Consumers have a statutory right of withdrawal of 14 days.

The withdrawal period is 14 days from the day on which the consumer or a third party designated by the consumer takes possession of the goods.

To exercise the right of withdrawal, a clear statement by email or post is sufficient.

In the event of withdrawal, all payments made, including standard delivery costs, will be reimbursed within 14 days.
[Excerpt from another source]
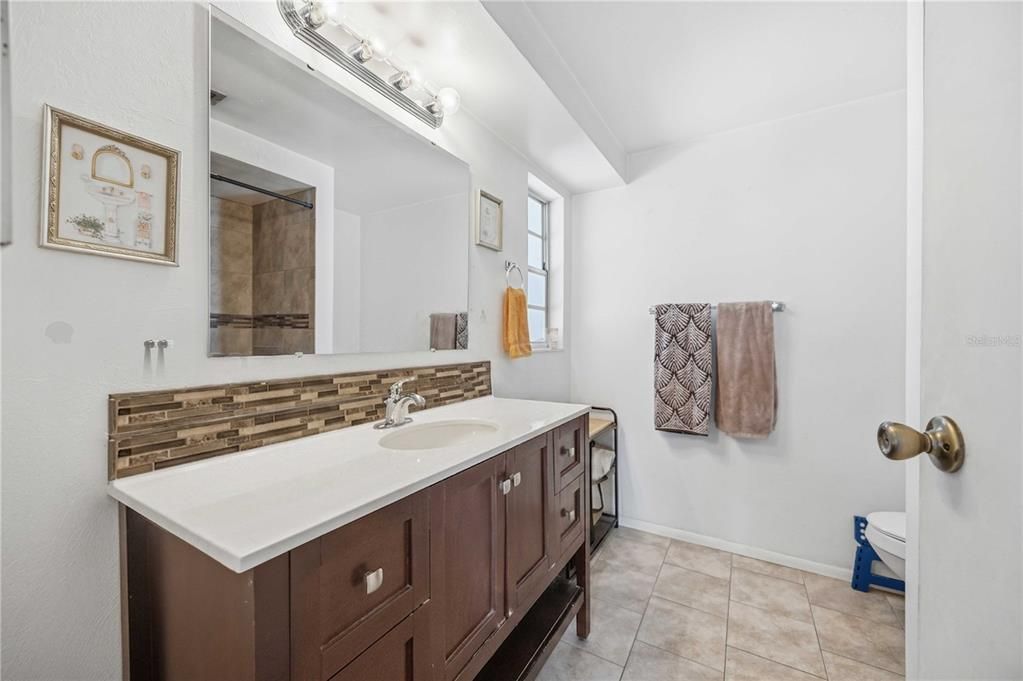 En Venta: $222,000 (2 camas, 2 baños, 1200 Pies cuadrados)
The customer bears the direct costs of returning the goods.

For Digital Content

The right of withdrawal expires in the case of digital content not supplied on a tangible medium if:

  • the customer has expressly agreed that performance shall begin before the expiry of the withdrawal period, and

  • the customer has acknowledged that by giving such consent they lose their right of withdrawal.

 

§ 8 Warranty

Statutory warranty rights shall apply.

 

§ 9 Liability

(1) The Provider shall be fully liable in cases of intent and gross negligence.

(2) In cases of slight negligence, liability shall be limited to breaches of essential contractual obligations and to foreseeable damages typical for the contract.

(3) The above limitations shall not apply to damages resulting from injury to life, body, or health.

 

§ 10 Dispute Resolution

The Provider is neither obliged nor willing to participate in dispute resolution proceedings before a consumer arbitration board.

§ 11 Final Provisions

(1) German law shall apply, excluding the United Nations Convention on Contracts for the International Sale of Goods (CISG).

(2) For entrepreneurs, the place of jurisdiction shall be the registered office of the Provider.

In case of discrepancies between the German and the English version, the German version shall prevail. The English version is provided for information purposes only.